AS HISTÓRIAS DE XAVIER
 

 

29 de maio de 2006

AXavier, o escritor-personagem do filme francês Bonecas russas (Les poupées russes; 2005), dirigido por Cédric Klapisch, vai dispondo meio arbitrariamente as fragmentárias cenas de sua vida, onde busca exercitar sua necessidade de contar histórias (e contar histórias verdadeiras), e com estas cenas o cineasta do filme que se está vendo na tela monta uma narrativa quebradiça, que dispersa a atenção do espectador e muitas vezes provoca mesmo o desinteresse pelo que está acontecendo.
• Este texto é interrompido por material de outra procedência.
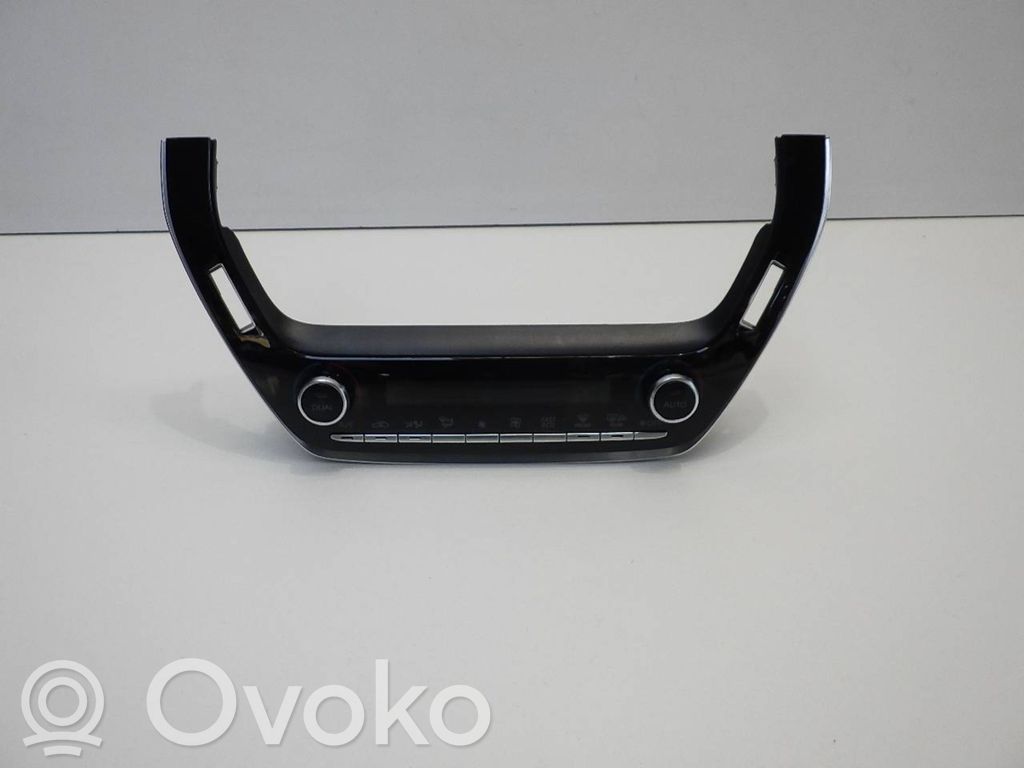 Suzuki Swace Climate control/heater control trim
É como se a personagem de Xavier fosse o próprio diretor do filme, ou o contrário: Klapisch constrói Xavier, valendo-se da figura opaca de Romain Duris, como se Xavier fosse o alter ego do realizador. O descosido montado com trivialidades é bastante comum no cinema francês; mas em Bonecas russas o que deparamos é a forma mais trivial e tediosa deste descosido; Klapisch não tem a habilidade de desfragmentar a narrativa e manter uma tensão dramática ou poética para segurar o interesse do observador, como já se evidenciava em sua película anteriormente vista por aqui, Albergue espanhol (2002), também com  a personagem de Xavier desfiando episódios pessoais para utilização na tela. (Um amigo, o escritor gaúcho Juremir Machado da Silva, em conversa pessoal, comparou este filme francês com o cinema praticado pelo gaúcho Jorge Furtado; Juremir é um desafeto do cinema de Furtado, que, segundo ele, é superficial, isto é, sem profundidade dramática; de qualquer maneira, Furtado me parece bem mais inquieto estilisticamente do que Klapisch).

Como a criatura de Xavier não tem o gênio do romancista norte-americano Henry Miller, que revolucionou a literatura do século XX só falando de si mesmo, Bonecas russas frustra bastante. O protagonista Duris tem um desempenho próprio da babaquice francesa. As mulheres é que estão melhores: como François Truffaut, pode-se dizer que Klapisch tem uma afeição por dirigir mulheres, imprimindo a esta direção de mulheres uma inevitável carga erótica.

Mas não é a Truffaut que Bonecas russas remete essencialmente a lembrança do cinéfilo. Dentro de seu aparato do mal feito narrativo, o filme, com sua metralhadora de tiros fragmentados, tenta atualizar, por exemplo, Acossado (1959), de Jean-Luc Godard; num determinado e breve plano a garota com quem Xavier tem um caso dá-lhe uma tapa na cara, como fazia Jean Seberg no rosto vagabundo de Jean-Paul Belmondo em Acossado. Assim, Bonecas russas é um dos muitos filmes atuais que podem ser tachados de reboquistas, termo cunhado nos anos 80 pelo crítico Tuio Becker para definir os filmes que vinham a reboque de outros filmes originais e autênticos; para o espectador que vê incansavelmente cinema há várias décadas, Bonecas russas é, falando objetivamente, um pontapé no saco.